--- Exercise brief ---
The expected output is each line from the one containing "Фото №1: 1-комнатная" to the last line of the data below, set down exactly, minus the pictures.

Pictures with short captions:
*** Begin section ***

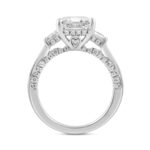 14K WHITE GOLD 4 1/4CT ROUND/RADIANT/BAGUETTE /TRAPEZOID DIAMOND LADIES RING - Image 3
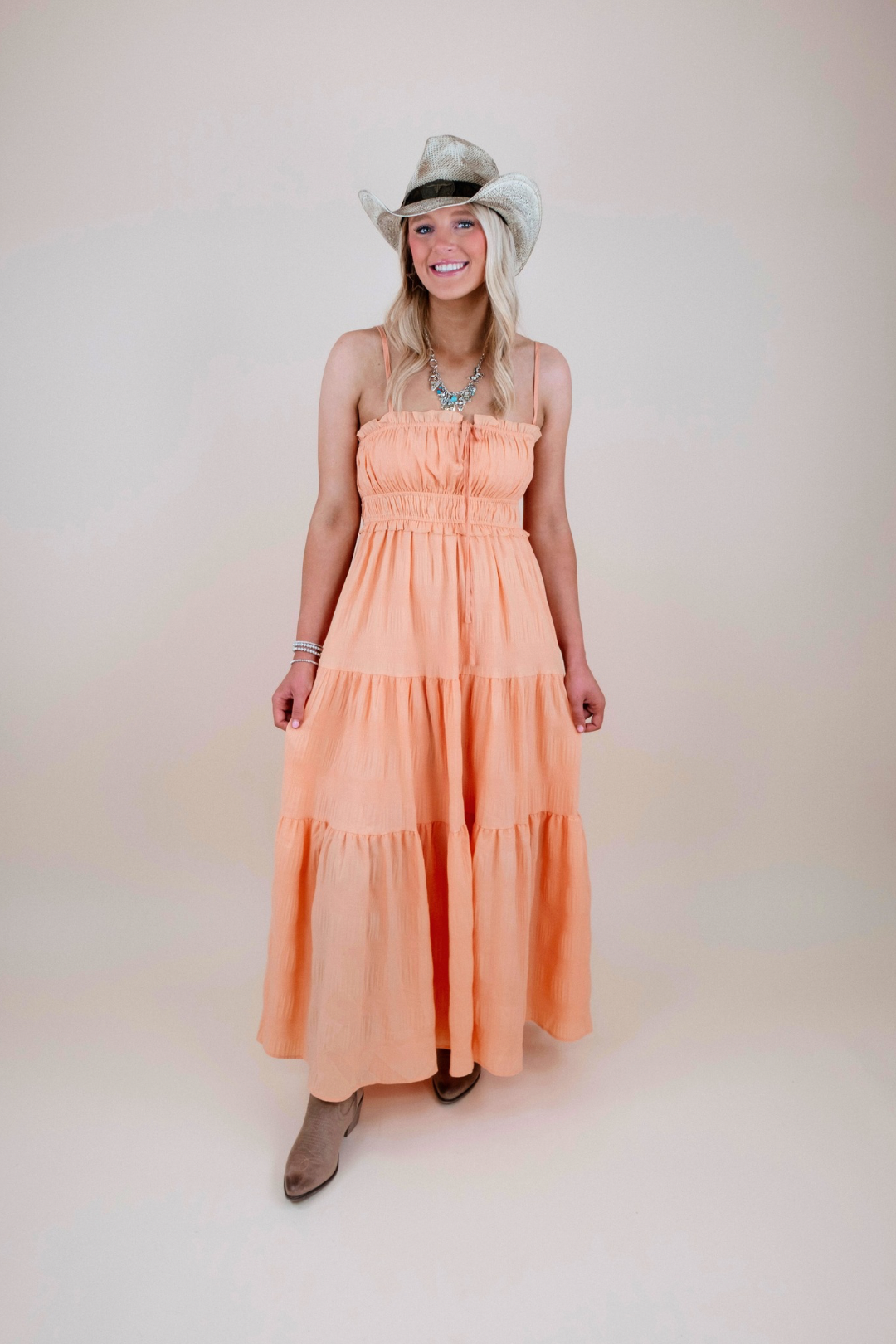 Sunset Sway Maxi Dress – Peach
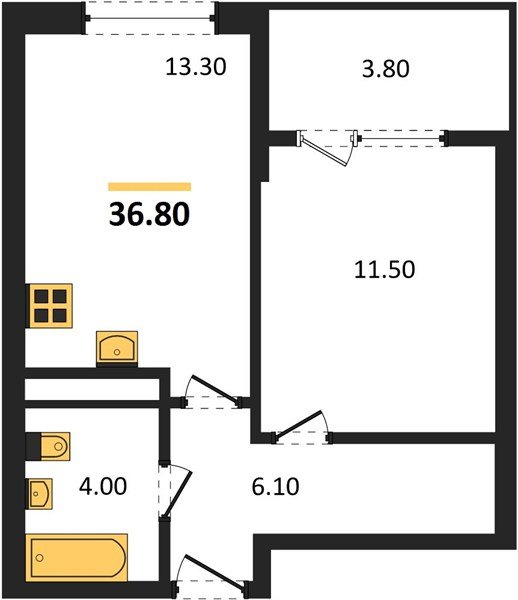Фото №1: 1-комнатная квартира 36 м² - Краснодар, мкр. Карасунский внутригородской округ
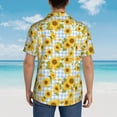 thumbnail image 4 of Rateoe Blue White Plaid Sunflower Pattern Men’s Hawaiian Shirt – Short Sleeve Button-Down Tropical Beach Shirt, Lightweight & Breathable Casual Aloha Shirt with Pocket,Small, 4 of 7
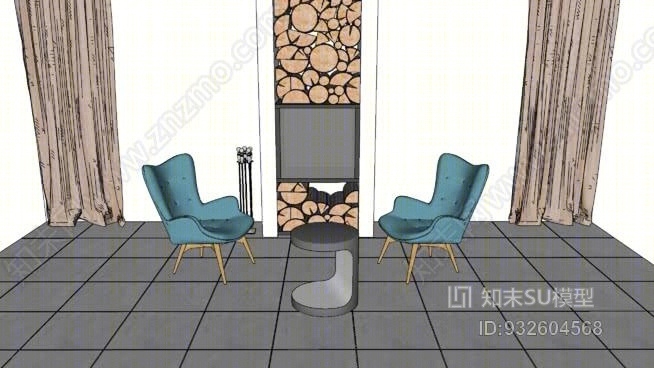 fireplace。袣邪屑懈薪。袟芯薪邪泻邪屑懈薪邪SU模型下载【ID:932604568】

*** End section ***

--- Answer space ---
Фото №1: 1-комнатная квартира 36 м² - Краснодар, мкр. Карасунский внутригородской округ
 thumbnail image 4 of Rateoe Blue White Plaid Sunflower Pattern Men’s Hawaiian Shirt – Short Sleeve Button-Down Tropical Beach Shirt, Lightweight & Breathable Casual Aloha Shirt with Pocket,Small, 4 of 7
 fireplace。袣邪屑懈薪。袟芯薪邪泻邪屑懈薪邪SU模型下载【ID:932604568】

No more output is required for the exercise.